= List of songs recorded by Rajkumar =

Dr. Rajkumar has sung approximately 300 songs in movies and an excess of 400 devotional (non-film) songs in Kannada. Rajkumar trained in classical music when he was with Gubbi Veeranna's theatre troupe. The track Om Namaha Shivaya from the 1956 film Ohileshwara, which he also starred in, was his first song for a film. He subsequently sang "Thumbithu Manava", a duet with S. Janaki, for the movie Mahishasura Mardini (1959).
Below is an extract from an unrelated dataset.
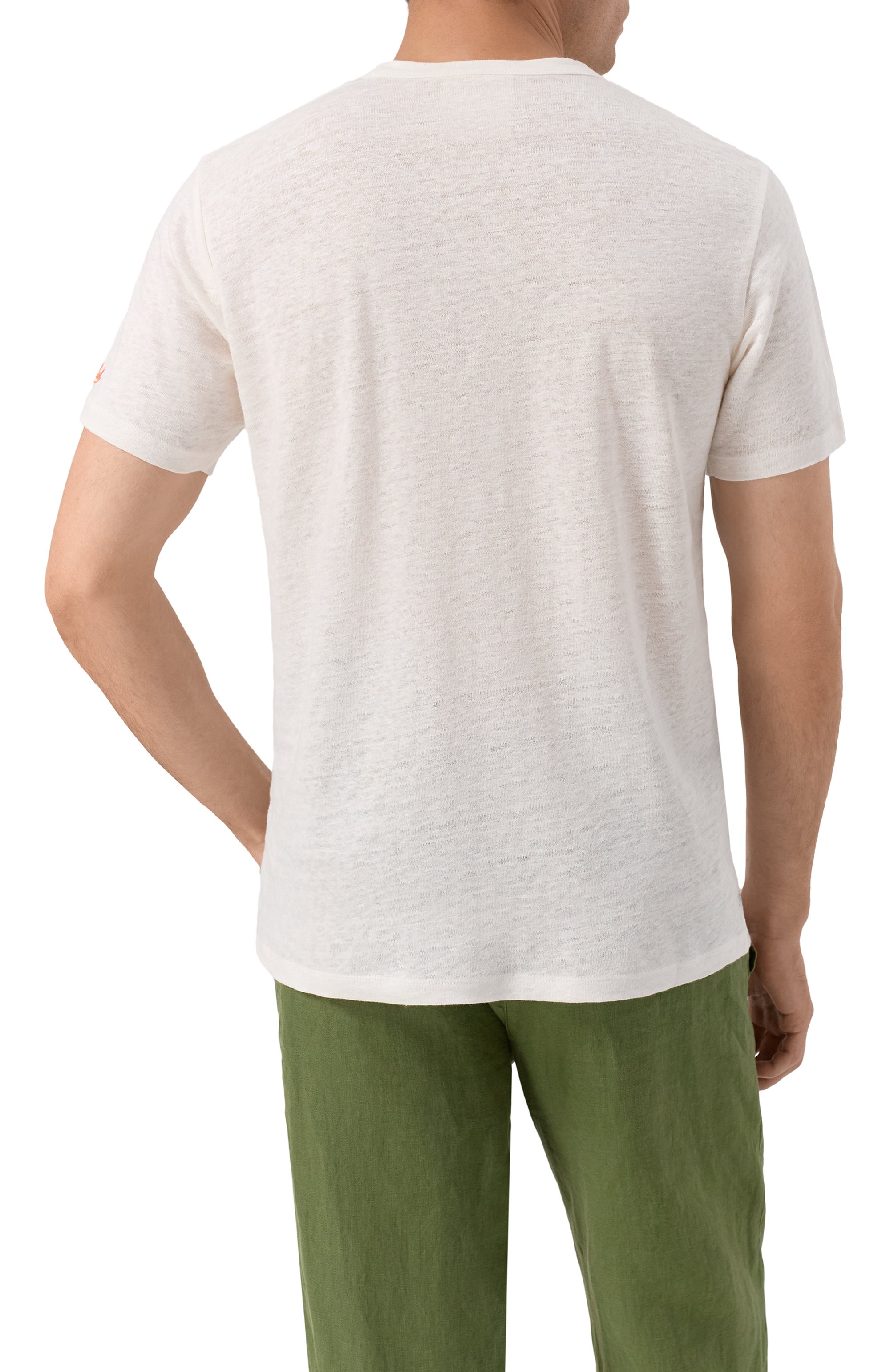 Льняная футболка MC2 SAINT BARTH, арт. STBM ECSTASEA/02841H, фото 4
However, he became a full-fledged singer only in 1974 when he sang in place of P. B. Sreenivas for Sampathige Savaal, who had till then sung for most songs picturized on Rajkumar, fell ill. Rajkumar sang the energetic Yaare Koogadali for the film which became widely popular during the time and is considered one of his best songs.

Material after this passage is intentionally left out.